MIT Researchers Pioneer Wearable Ultrasound Scanner for Early Breast Cancer Detection

Researchers have successfully developed a wearable ultrasound device designed for the early detection of breast cancer and tumors, particularly catering to individuals at high risk between routine mammograms. The innovative device takes the form of a flexible patch, seamlessly attaching to a bra, allowing wearers to move freely during the scanning and imaging process.

This MIT-designed wearable ultrasound scanner operates by scanning and capturing images of breast tissue from various angles. The recently conducted study demonstrates that the device produces ultrasound images with resolution comparable to those obtained in medical imaging centers. Employing ultrasound technology similar to medical facilities, the MIT researchers incorporated a piezoelectric material for a miniaturized design.
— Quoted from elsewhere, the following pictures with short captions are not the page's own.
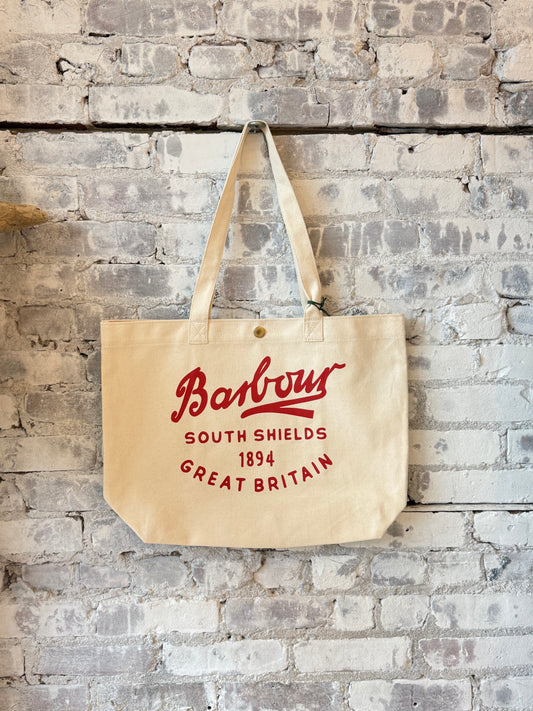 Script Tote Bag - Beige/Red Logo - DUNE + SALT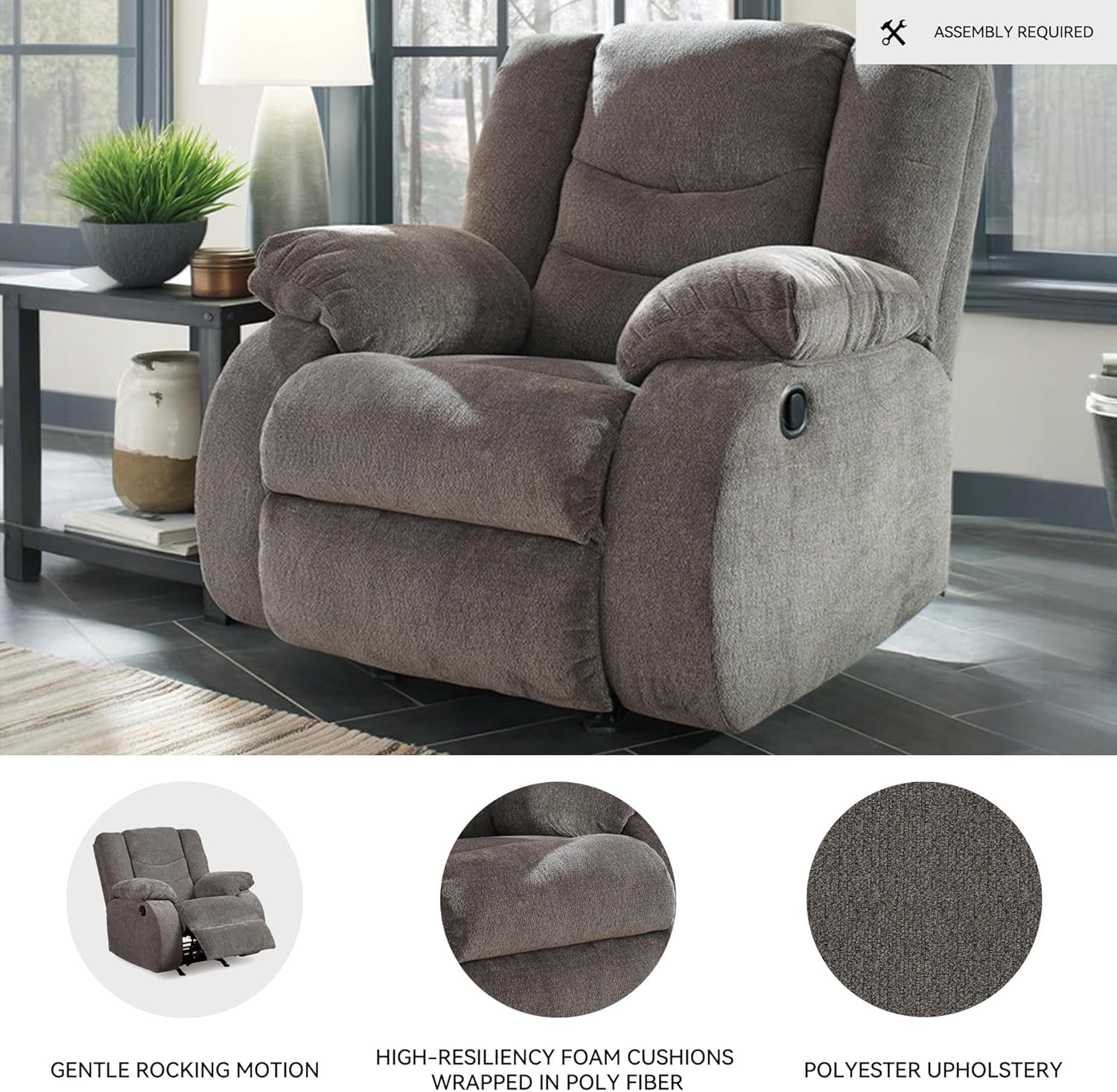 Signature Design by Ashley Tulen Contemporary Rocker Recliner, Gentle Rocking Motion, Pull Tab Reclining, Fabric Upholstery, 39" W x 40" D x 40" H, Dark Gray
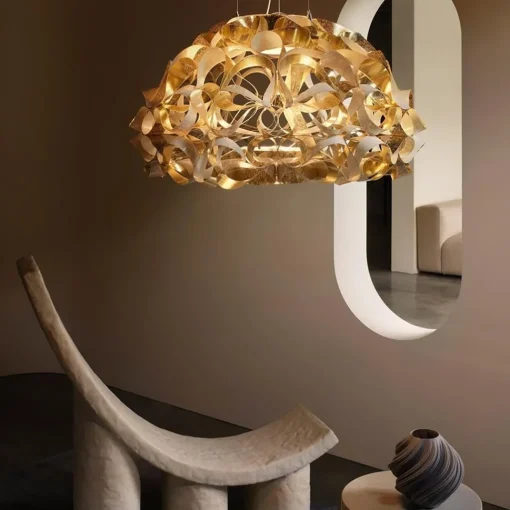 Straluma Hanglamp Quantica 74cm gold/white> Eettafellampen|Kantoorverlichting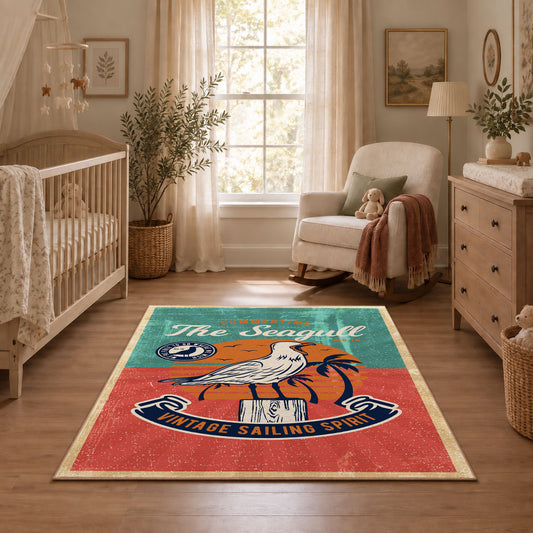 Classic motorcycle rider area rug in coral, teal, orange, and black, featured room view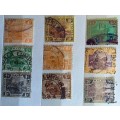 Malaya - 1904-22 - Federated Malay States - Tiger - 9 Used Hinged stamps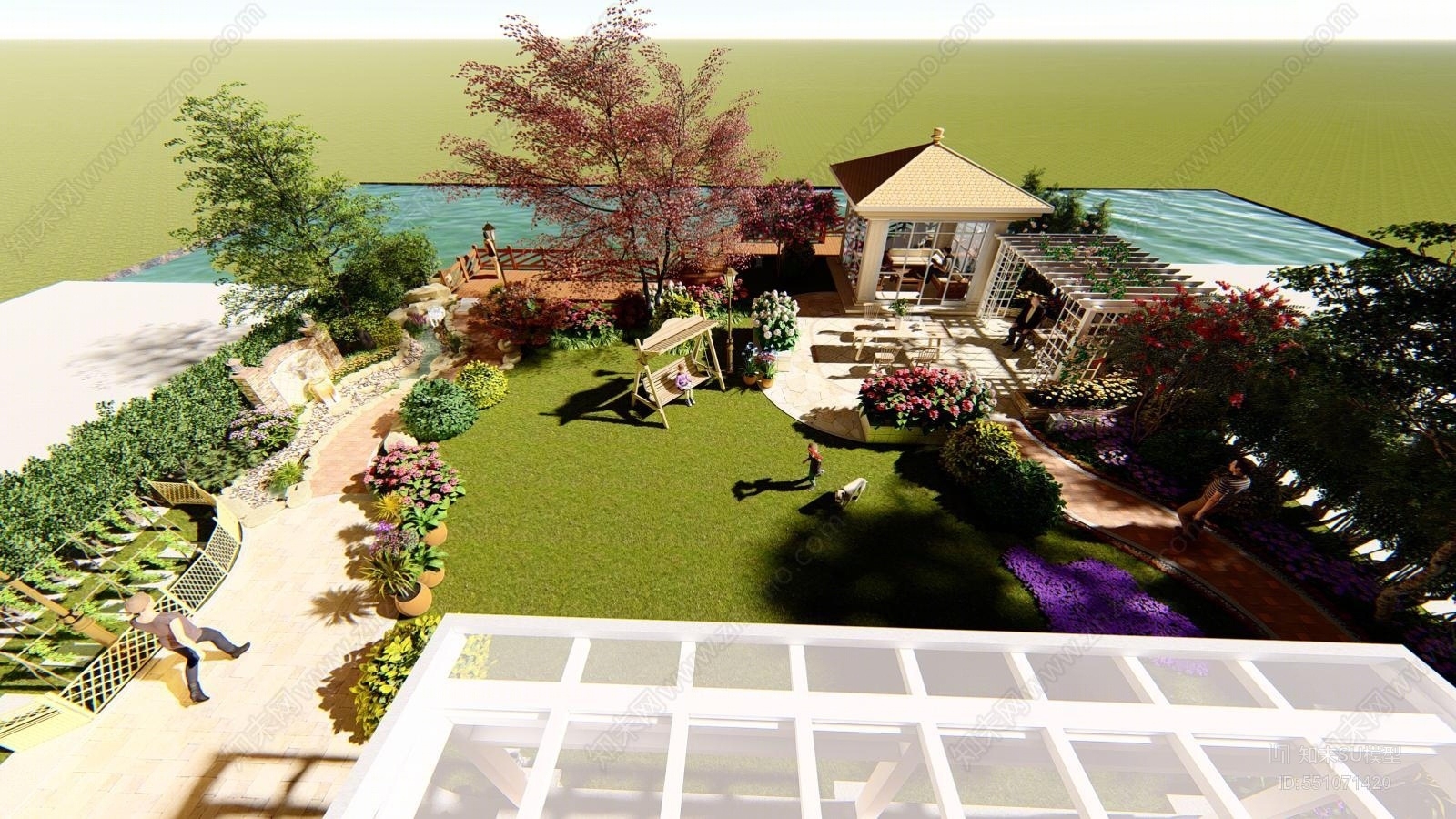 美式风格住宅景观SU模型下载【ID:551071420】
The wearable scanner features a flexible, 3D-printed patch with honeycomb-like openings, providing a matrix for the ultrasound scanner to make direct contact with the skin. Housed within a compact tracker, the ultrasound scanner can be positioned in six different ways to capture comprehensive images of the entire breast. Its user-friendly design allows for easy operation, and the device can be rotated to capture images from different angles.

As of the current publication, the researchers note that the patch needs to be connected to a larger machine, similar to those used in medical imaging centers, to view the ultrasound images. However, the team is actively working on developing a smartphone-sized machine that can independently generate high-quality images, eliminating the need for connection to specific machines. An additional advantage of the patch is its reusability, eliminating the need for disposal after a single use. This wearable ultrasound device holds promise for individuals at high risk of breast cancer, enabling frequent screenings at home. Moreover, it could prove valuable for diagnosing cancer in individuals without regular access to medical screening centers, making ultrasound technology more accessible to the broader public.

A wearable ultrasound patch and scanner designed to detect breast cancer and tumors earlier have emerged from the personal experience of MIT researchers, including professors Canan Dagdeviren and Dabin Lin, MIT graduate student Wenya Du, research scientist Lin Zhang, and Emma Suh. The impetus for this innovative development came from Professor Dagdeviren's own familial encounter with breast cancer. Her late aunt, Fatma Caliskanoglu, was diagnosed with late-stage breast cancer at the age of 49, despite regular cancer screenings, and sadly passed away six months later.

Inspired by this personal tragedy, Dagdeviren, who was a post-doctorate at MIT at the time, envisioned a diagnostic device and sketched its initial design while standing by her aunt's bedside. The concept involved integrating the device into a bra, envisioning a wearable ultrasound for more frequent screenings, especially for those at a high risk of breast cancer and within the comfort of their homes. Over time, the conceptual sketch has transformed into a tangible instrument.

Dagdeviren explains the innovation, stating, "We changed the form factor of the ultrasound technology so that it can be used in your home. It’s portable and easy to use, and provides real-time, user-friendly monitoring of breast tissue. My goal is to target the people who are most likely to develop interval cancer. With more frequent screening, our target is to increase the survival rate to up to 98 percent."